## TASK GOAL
Read the entries below and pull out each line with the string "Diamond".
[TASK INPUT — start]
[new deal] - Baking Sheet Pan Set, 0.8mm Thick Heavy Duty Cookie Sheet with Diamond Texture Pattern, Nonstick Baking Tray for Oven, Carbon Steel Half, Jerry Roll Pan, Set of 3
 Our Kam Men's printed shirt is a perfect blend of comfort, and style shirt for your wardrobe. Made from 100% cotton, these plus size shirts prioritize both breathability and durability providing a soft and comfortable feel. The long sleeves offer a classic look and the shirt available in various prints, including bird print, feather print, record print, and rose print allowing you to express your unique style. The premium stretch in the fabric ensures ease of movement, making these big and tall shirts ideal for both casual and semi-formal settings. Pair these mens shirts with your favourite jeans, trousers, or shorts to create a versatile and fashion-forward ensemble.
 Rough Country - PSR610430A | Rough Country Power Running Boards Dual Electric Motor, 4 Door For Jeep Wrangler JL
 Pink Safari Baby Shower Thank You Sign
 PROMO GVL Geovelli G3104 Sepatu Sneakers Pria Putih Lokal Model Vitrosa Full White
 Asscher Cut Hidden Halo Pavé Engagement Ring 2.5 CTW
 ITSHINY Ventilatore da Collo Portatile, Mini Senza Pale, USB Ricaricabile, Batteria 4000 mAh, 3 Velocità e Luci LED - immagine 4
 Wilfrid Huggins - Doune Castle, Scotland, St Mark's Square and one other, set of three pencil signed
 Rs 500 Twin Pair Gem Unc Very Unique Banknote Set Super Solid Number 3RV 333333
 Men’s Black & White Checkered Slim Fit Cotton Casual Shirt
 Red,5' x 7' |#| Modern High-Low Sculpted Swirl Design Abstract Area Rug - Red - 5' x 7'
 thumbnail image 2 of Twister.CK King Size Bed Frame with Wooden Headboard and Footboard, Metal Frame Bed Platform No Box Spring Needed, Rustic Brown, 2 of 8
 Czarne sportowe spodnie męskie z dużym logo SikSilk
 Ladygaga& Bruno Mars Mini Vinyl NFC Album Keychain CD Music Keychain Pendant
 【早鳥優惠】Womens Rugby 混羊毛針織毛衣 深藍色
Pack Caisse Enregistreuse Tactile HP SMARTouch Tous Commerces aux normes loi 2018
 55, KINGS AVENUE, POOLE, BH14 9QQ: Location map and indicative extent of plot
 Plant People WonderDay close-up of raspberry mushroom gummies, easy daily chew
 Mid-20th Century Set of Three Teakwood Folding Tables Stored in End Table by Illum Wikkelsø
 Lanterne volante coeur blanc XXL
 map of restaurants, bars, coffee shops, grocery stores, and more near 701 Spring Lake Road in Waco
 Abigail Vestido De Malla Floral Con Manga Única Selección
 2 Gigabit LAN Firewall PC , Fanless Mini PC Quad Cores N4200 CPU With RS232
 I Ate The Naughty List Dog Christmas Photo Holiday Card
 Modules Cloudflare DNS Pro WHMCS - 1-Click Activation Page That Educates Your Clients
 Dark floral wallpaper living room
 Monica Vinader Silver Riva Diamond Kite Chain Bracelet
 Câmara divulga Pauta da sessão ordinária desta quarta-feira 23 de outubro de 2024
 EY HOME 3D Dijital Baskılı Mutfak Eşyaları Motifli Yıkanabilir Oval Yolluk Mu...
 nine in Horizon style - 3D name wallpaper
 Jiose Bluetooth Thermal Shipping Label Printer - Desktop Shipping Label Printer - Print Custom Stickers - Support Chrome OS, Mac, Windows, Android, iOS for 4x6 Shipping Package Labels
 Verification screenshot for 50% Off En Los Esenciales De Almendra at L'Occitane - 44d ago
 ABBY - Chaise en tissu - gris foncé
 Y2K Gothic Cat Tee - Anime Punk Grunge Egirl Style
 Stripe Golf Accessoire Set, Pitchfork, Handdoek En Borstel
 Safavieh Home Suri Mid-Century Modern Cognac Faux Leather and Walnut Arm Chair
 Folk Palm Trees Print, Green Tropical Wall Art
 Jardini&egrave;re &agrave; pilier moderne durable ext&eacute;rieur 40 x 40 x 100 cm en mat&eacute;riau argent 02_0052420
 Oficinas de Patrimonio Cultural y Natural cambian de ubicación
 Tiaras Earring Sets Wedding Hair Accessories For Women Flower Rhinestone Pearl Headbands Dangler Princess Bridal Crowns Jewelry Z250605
[TASK INPUT — finish]
## RESPONSE BELOW
[new deal] - Baking Sheet Pan Set, 0.8mm Thick Heavy Duty Cookie Sheet with Diamond Texture Pattern, Nonstick Baking Tray for Oven, Carbon Steel Half, Jerry Roll Pan, Set of 3
 Monica Vinader Silver Riva Diamond Kite Chain Bracelet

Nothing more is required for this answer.